In structured fat-loss research stacks, L-Carnitine functions as a support compound — ensuring the rate-limiting step of mitochondrial fatty-acid uptake isn't the bottleneck.

The Quantum Labs Fat Loss Protocol

Our Fat Loss Protocol pairs three of these compounds into a structured 8-week research kit: Retatrutide (the tri-agonist), MOTS-c (the mitochondrial peptide), and L-Carnitine (the adipose-uptake support compound). The combination is designed for research applications investigating multi-pathway metabolic regulation — appetite + cellular oxidation + transport cofactor — in a single protocol design.

All three compounds in the kit are HPLC-verified to ≥99% purity, ship together from Australian stock, and are supplied for laboratory research use only. The 8-week cycle structure mirrors common research-cycle lengths used in published incretin-pathway and mitochondrial-function literature.

Compounds we don't supply (and why)

A few notes on what's deliberately absent from this discussion: semaglutide (Ozempic, Wegovy) and tirzepatide (Mounjaro, Zepbound) are prescription medicines in Australia and require pharmacy supply through a valid prescription. Quantum Labs is not a pharmacy and does not supply prescription medicines. Researchers asking about research-grade analogues of these compounds in laboratory contexts should be aware that the regulatory category is distinct from prescription supply, and the framework for legitimate research use differs from individual therapeutic access.
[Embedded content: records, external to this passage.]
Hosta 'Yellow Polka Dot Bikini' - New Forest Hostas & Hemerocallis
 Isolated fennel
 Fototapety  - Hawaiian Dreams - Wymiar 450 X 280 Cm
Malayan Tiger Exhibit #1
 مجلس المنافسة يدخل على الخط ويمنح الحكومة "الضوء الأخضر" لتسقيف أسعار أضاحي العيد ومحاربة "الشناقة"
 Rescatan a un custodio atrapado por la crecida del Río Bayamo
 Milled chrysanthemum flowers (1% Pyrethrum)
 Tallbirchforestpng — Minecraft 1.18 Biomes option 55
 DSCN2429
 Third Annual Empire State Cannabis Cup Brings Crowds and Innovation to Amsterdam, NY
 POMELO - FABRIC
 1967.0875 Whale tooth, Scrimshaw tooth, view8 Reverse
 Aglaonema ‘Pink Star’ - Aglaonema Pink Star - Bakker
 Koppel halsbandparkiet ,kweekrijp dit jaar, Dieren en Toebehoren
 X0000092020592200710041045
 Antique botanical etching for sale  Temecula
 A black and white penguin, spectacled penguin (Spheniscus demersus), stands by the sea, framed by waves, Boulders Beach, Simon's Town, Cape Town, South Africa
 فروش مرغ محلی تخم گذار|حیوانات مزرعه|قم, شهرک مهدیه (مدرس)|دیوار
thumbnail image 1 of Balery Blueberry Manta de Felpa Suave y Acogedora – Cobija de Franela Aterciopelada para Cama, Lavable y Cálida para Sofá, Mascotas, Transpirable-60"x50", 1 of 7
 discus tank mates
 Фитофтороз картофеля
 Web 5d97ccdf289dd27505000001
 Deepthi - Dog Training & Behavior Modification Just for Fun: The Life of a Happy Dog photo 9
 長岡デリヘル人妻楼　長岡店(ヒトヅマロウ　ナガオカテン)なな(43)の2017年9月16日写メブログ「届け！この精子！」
Anything that lands in this article is supplied as research material with no therapeutic representation. Researchers studying these compounds should reference primary literature for protocol-specific dosing and consult qualified medical practitioners for clinical questions.

Quality and purity standards

Research outcomes depend on input quality. Synthetic peptide compounds — including AOD 9604 and MOTS-c — are produced by solid-phase synthesis that produces deletion sequences as byproducts. Larger compounds like retatrutide require even more careful purity verification because the synthesis is more complex. Small-molecule compounds like 5-Amino-1MQ are produced by organic synthesis and have their own purity-verification requirements.

Every Quantum Labs compound — peptide or small molecule — is HPLC-verified to ≥99% purity, with identity confirmed by mass spectrometry. Certificates of analysis are batch-traceable and available on request. This baseline standard is what separates research-grade material from unverified bulk chemical supply.